They also mention the server uses of the Mac mini, which at least suggests it'll keep multiple storage interfaces. If they keep a 2.5" bay in there that kills two birds with one stone—ship the low end with a cheap SATAIII SSD and keep the PCIe flash as an upgrade.

I doubt this has much effect on the Mac Pro—I very much doubt it'll be cheaper than $2499, so it's much more about the Mac mini drifting up to fill some of that gap versus the Mac Pro getting pushed higher.
 
.... So then the remaining sectors who must have SATA slots in the mMP are those who expect to move their workflow and components directly from cMP / generic PC towers / spare parts lying around.

I don't see Apple giving a high priority for the latter group. The mobo circuitry design, heat budget, valuable space, air flow, noise levels... way too much to give up just to make way for. SATA HDDs is one of the few problems Thunderbolt has actually solved, or, has adequately moved out of the chassis with minimum compromise.

The latter group isn't just HDDs. If look at the slot survey thread a fair number of folks bought into a x4 PCI-e card to put 1-2 2.5" SSDs onto. SATA SSD as the "cheapest" bulk storage option is still a 'thing'. Doesn't have the noise problem and the power requirements of the modern (2018 era) ones are relatively low (compared to 2013 era HDDs. ). Besides that it was somewhat common for folks to toss a sled-less 2.5" SSD drive into the bottom ODD bay. So two or three SSDs in an old system is not radically far out of the mainstream. And more data on SSD is a direction that Apple is highly aligned with. They probably want to hang onto the folks who are aggressively trying to push as much data on to SSDs as they can.

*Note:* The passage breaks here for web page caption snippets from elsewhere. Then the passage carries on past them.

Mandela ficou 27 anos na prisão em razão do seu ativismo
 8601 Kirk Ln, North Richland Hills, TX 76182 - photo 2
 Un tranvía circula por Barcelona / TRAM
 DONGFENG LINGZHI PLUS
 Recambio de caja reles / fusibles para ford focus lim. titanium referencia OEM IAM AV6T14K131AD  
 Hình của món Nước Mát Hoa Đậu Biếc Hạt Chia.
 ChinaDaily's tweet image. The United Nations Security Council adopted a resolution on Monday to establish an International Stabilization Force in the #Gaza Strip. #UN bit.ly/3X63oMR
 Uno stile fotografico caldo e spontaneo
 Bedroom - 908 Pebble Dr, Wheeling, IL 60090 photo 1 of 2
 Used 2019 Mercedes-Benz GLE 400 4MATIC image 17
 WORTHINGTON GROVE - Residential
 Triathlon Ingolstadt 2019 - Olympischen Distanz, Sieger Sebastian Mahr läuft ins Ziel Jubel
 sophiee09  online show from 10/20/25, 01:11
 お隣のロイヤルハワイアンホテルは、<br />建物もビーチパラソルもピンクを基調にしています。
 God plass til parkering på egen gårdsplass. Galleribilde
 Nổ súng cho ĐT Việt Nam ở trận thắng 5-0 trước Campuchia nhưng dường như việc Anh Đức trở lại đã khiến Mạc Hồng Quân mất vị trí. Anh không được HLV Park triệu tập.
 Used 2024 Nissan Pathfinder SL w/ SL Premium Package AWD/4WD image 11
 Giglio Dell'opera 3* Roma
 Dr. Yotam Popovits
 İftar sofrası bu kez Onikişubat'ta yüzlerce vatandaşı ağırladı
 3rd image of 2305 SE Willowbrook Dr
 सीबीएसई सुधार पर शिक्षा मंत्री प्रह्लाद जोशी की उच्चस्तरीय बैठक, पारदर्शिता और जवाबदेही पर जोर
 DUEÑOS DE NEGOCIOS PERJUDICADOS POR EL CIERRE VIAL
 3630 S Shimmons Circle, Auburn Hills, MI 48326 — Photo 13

Apple could put 2-3 2.5" drive sleds in the space that two 3.5" sleds took up rather easily. If they are not fixated on being a literal desktop solution that kind of internal space/volume isn't a pressing issue. If they make the sleds so that they take 14mm 2.5" then capacities in the range of 4TB are possible now ( and greater capacity in the future). 12TB would cover lots of folks who had high capacity $/GB value demands. Wouldn't cover "everybody" , but many. Certainly far more than the iMac Pro does now and probably will in the future. (the point is to have something different than an iMac Pro so the "other" folks have something to buy ).

With the next Mac Pro folks could toss those 2.5" drive add in cards because those were primarily driven by the age of the old Mac Pro, not really direct utility. mainstream SATA is probably not going to get any faster going forward. It is primarily about "cheaper" now, not "fastest". ( there are some very high end SAS 2.5' that are super high capacity. Questionable whether Apple wants to chase that narrow submarket. ). if Apple isn't going to deliver 4 slots then helping folks toss cards would be a good thing.

M.2 slots they should cover for same reason. Folks with current cards with M.2 slots can toss the card and just use the specific slot directly. ( similar issue present in current Mac Pros as much because of age than anything else. ).

In both of those cases tossing the much less expensive card and keeping the $400-800 SSD (priced at time they bought it. sunk cost) device will probably wins lots of fans. However, Apple trying to keep someones $40-80 hard drive in play I don't think they are going to be very pressed about.


The side effect of letting in those 2.5" SSD is that the 2.5 HDD come in also ( especially is allocate 14mm height for them). If Apple had 1-3 M.2 slots that would a substantive amount of collective capacity. Relatively extremely fast if all of it is SSD. Or better than average if pair up the 2.5" HDDs with M.2 SSD for Fusion drives.

What I would not expect that that Apple would sell (or perhaps enable) the system to be singular HDD boot drive system. That's there is some kind of bare bones configuration that only has the lowliest HDD drive Apple sells in it. That's probably gone.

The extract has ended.